On Fri, 17 Mar 2000, Lars Marowsky-Bree wrote:
> This only protects the LVS system from running out of memory by randomly
> dropping connections. This does NOT protect a real server from being SYN
> flooded.
>
> Of course, if you distribute the incoming connections to 10 servers, this
> makes it ten times as hard to SYN flood that system, but still.
This as well.
> > as well as the linux firewall
> > doing the randomization of Packet Sequence Numbers.
>
> No. Unless you mean what happens with masquerading, but that is a side effect.
For a NAT style server group. Meaningless anyway if the
backend is Linux, as it has its own SYN protection.
> > There is another option with Linux however. The QoS system
> > can be used to control *any* IP packets. It is fairly simple to limit
> > SYN rates on a site wide or per server bases. Even per server per
> > service.
>
> Then you are _rate limiting_. This is different from a SYN protection like PIX
> does.
Listen to the whole solution.
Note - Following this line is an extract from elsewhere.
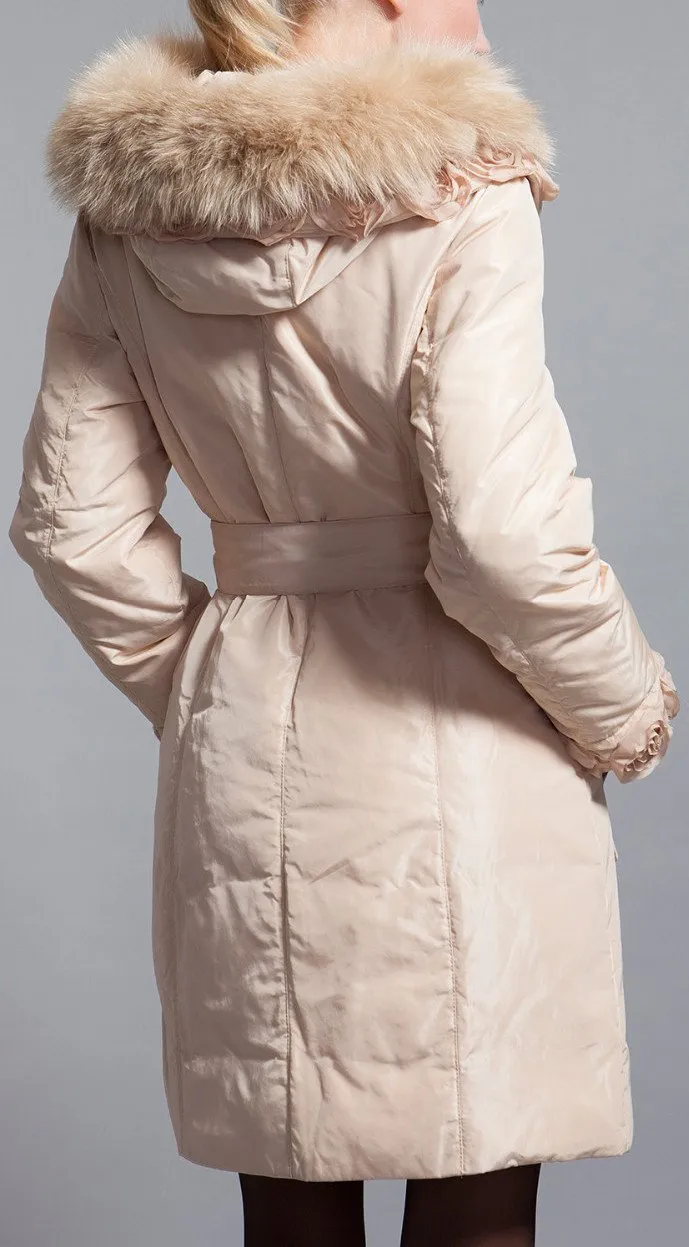 Floral-Cuff Fur Collar Puffer Down Coat, Apricot/Beige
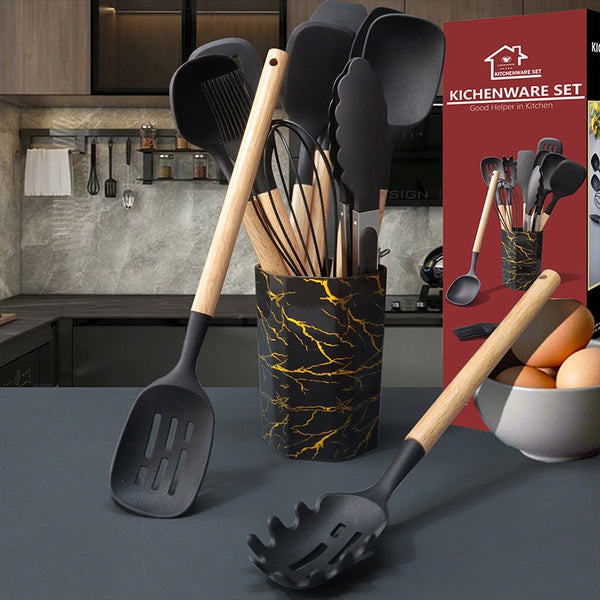 Bamboo Leaf Green 12 Piece Silicone Cooking Utensil Set Non Stick Food Grade Kitchen Tools With Holder Cooking Utensils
Running sanity rate limits,
combined with proper servers.
> > End all, systems like the PIX suck, they cause a double action for
> > every connection, form a wonderful SPOF,
>
> Thats why you have two of those in a failover configuration, as with any
> firewall.
But IIRC, even with 2 in a failover system, should one die,
the other can take over, but all current connections are lost.
> > and may screw things with
> > interesting IP stacks (they *MUST* be the entry/exit for that
> > network...).
>
> As any other firewall.
Depends on the firewall type, a paranoid filtering firewall
pair *can* handle asymetric paths/etc, and multiple entry/exit points,
a PIX group cannot.
---
As folks might have suspected, not much survives except roaches,
and they don't carry large enough packets fast enough...
--About the Internet and nuclear war.